# [Records for processing]
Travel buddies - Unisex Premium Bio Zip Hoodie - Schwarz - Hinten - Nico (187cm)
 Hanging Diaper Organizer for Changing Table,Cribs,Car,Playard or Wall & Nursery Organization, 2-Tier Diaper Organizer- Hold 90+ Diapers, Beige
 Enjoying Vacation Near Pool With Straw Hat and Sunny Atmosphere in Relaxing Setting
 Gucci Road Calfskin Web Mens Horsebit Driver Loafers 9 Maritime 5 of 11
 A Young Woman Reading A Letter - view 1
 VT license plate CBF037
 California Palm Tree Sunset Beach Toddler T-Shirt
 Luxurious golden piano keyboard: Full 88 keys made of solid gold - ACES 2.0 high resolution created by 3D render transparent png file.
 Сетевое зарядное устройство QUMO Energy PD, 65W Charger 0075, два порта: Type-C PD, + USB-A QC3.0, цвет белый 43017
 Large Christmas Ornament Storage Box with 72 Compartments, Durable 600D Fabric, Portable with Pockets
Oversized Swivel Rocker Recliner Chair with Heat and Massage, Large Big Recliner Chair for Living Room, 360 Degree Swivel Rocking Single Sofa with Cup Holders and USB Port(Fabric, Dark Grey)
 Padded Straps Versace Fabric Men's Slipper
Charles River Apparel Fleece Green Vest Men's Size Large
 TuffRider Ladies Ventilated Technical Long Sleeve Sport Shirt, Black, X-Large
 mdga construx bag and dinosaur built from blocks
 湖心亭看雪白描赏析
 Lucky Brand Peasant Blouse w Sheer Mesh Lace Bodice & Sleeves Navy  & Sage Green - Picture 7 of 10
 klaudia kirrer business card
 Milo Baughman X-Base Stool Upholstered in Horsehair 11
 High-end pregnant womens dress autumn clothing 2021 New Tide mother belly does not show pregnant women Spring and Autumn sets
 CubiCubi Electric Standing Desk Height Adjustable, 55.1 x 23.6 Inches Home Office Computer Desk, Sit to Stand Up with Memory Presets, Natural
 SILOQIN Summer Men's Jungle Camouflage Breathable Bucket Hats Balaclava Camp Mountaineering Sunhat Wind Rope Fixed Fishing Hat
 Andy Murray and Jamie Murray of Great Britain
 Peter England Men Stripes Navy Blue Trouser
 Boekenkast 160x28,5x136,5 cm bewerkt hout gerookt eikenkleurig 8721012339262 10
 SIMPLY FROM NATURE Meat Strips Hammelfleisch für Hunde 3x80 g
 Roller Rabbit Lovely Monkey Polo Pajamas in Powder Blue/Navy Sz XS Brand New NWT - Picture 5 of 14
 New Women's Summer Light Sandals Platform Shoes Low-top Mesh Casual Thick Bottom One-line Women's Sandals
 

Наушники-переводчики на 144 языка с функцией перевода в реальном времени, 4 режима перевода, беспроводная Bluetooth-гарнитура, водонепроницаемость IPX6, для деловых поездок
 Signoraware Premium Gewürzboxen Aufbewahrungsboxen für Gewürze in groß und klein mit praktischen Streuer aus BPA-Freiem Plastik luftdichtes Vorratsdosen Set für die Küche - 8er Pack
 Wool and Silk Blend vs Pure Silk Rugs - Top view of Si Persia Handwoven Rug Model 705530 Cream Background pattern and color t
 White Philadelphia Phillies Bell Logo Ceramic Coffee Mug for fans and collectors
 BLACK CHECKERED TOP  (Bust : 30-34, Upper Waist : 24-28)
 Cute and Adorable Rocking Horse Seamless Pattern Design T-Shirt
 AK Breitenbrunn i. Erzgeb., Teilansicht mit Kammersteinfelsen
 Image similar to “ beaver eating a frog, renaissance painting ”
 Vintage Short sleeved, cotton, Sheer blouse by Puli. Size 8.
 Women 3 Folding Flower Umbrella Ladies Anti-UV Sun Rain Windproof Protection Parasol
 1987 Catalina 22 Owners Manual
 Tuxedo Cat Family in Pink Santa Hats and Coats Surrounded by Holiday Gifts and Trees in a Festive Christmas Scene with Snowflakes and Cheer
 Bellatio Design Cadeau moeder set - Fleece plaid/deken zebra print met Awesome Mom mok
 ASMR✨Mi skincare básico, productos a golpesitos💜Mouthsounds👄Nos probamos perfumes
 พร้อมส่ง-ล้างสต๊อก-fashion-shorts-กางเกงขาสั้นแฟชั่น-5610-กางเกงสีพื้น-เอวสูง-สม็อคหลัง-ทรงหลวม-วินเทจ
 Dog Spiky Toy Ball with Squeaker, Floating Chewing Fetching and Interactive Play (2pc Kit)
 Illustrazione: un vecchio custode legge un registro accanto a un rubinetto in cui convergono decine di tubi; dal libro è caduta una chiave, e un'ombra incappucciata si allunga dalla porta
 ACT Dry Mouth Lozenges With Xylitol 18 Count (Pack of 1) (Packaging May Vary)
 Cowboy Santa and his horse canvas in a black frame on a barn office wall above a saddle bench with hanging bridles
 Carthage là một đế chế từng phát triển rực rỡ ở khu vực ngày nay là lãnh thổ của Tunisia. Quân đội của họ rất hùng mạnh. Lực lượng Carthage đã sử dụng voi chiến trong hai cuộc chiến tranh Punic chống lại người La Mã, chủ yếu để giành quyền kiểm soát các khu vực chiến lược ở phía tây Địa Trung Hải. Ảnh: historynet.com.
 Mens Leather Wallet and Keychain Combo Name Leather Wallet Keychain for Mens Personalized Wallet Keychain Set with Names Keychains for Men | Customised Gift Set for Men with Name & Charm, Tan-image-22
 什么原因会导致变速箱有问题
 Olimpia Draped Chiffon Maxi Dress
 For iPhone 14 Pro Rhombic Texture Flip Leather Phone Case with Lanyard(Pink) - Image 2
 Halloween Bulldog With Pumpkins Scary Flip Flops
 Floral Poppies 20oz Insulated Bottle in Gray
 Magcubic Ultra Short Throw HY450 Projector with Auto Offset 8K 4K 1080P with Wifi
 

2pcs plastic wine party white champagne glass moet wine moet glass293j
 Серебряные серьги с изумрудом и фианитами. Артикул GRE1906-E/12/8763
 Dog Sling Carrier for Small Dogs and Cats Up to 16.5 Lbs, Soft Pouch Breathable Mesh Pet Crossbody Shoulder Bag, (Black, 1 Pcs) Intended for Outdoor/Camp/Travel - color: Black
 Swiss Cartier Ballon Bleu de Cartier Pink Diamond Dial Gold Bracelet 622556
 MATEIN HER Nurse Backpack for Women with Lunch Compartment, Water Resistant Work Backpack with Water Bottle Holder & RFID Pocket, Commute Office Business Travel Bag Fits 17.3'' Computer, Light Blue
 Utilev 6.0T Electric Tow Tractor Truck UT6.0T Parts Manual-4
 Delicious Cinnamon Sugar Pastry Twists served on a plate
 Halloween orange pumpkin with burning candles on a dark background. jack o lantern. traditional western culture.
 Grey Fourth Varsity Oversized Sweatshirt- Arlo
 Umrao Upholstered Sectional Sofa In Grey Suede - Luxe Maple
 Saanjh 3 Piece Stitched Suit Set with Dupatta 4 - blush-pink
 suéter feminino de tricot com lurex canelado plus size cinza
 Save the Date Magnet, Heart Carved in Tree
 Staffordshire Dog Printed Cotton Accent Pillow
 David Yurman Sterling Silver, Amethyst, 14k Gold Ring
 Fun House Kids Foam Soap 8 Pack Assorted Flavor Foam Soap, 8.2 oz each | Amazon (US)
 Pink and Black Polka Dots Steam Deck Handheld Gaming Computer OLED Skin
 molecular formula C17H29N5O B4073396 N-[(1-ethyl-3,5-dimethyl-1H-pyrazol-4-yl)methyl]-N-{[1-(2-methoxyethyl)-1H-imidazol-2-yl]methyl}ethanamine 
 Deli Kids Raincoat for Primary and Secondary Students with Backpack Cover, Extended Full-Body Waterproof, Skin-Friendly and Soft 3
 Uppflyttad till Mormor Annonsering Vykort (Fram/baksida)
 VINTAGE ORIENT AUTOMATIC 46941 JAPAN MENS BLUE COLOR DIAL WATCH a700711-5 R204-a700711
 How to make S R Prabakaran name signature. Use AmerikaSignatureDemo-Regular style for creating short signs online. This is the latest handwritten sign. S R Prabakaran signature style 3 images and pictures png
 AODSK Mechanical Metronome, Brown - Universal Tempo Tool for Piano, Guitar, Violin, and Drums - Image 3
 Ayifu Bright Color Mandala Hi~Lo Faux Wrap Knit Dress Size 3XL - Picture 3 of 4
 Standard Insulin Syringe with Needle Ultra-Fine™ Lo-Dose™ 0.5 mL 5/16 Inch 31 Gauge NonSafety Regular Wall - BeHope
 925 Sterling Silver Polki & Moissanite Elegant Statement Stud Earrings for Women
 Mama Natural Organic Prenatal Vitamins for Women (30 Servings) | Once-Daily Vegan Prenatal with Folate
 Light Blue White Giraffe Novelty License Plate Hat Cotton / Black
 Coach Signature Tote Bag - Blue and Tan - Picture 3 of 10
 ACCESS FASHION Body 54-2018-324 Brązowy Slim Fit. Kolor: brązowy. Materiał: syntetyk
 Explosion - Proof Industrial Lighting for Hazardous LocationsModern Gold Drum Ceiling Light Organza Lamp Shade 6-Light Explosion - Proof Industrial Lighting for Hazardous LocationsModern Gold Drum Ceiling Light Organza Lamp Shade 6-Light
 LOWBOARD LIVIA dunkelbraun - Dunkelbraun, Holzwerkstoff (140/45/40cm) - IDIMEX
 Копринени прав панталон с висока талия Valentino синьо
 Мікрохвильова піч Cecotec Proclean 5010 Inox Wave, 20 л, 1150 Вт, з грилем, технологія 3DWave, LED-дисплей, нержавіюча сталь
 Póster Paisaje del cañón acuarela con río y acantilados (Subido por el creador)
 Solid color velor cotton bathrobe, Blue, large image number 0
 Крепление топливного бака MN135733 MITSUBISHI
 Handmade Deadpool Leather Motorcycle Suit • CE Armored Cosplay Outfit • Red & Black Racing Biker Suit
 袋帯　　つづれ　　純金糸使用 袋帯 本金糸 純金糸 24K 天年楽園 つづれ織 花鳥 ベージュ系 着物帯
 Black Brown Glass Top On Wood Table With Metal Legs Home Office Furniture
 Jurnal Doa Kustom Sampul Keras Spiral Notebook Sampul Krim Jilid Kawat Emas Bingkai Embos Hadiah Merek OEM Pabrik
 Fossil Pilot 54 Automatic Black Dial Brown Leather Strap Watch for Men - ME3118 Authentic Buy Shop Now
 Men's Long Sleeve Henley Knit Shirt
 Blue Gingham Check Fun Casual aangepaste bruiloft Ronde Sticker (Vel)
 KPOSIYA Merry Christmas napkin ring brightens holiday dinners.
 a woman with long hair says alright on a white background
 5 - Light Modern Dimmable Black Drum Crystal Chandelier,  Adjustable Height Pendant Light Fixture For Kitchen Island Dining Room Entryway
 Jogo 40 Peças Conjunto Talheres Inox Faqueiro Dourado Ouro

# [Exercise prompt]
Please retype, with no changes, the lines that run from the first line of the entries to the line with "Large Christmas Ornament", both ends included.

# [Worked solution]
Travel buddies - Unisex Premium Bio Zip Hoodie - Schwarz - Hinten - Nico (187cm)
 Hanging Diaper Organizer for Changing Table,Cribs,Car,Playard or Wall & Nursery Organization, 2-Tier Diaper Organizer- Hold 90+ Diapers, Beige
 Enjoying Vacation Near Pool With Straw Hat and Sunny Atmosphere in Relaxing Setting
 Gucci Road Calfskin Web Mens Horsebit Driver Loafers 9 Maritime 5 of 11
 A Young Woman Reading A Letter - view 1
 VT license plate CBF037
 California Palm Tree Sunset Beach Toddler T-Shirt
 Luxurious golden piano keyboard: Full 88 keys made of solid gold - ACES 2.0 high resolution created by 3D render transparent png file.
 Сетевое зарядное устройство QUMO Energy PD, 65W Charger 0075, два порта: Type-C PD, + USB-A QC3.0, цвет белый 43017
 Large Christmas Ornament Storage Box with 72 Compartments, Durable 600D Fabric, Portable with Pockets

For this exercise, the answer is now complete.